==== DATA EXCERPT ====

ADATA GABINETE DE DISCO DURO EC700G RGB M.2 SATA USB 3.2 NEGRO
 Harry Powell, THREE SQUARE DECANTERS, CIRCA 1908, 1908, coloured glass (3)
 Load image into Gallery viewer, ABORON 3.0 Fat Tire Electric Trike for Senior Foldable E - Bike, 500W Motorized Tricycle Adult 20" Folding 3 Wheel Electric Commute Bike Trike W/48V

====

BRIEF: None of the lines above may be skipped. Transcribe each one exactly.

FINAL ANSWER:
ADATA GABINETE DE DISCO DURO EC700G RGB M.2 SATA USB 3.2 NEGRO
 Harry Powell, THREE SQUARE DECANTERS, CIRCA 1908, 1908, coloured glass (3)
 Load image into Gallery viewer, ABORON 3.0 Fat Tire Electric Trike for Senior Foldable E - Bike, 500W Motorized Tricycle Adult 20" Folding 3 Wheel Electric Commute Bike Trike W/48V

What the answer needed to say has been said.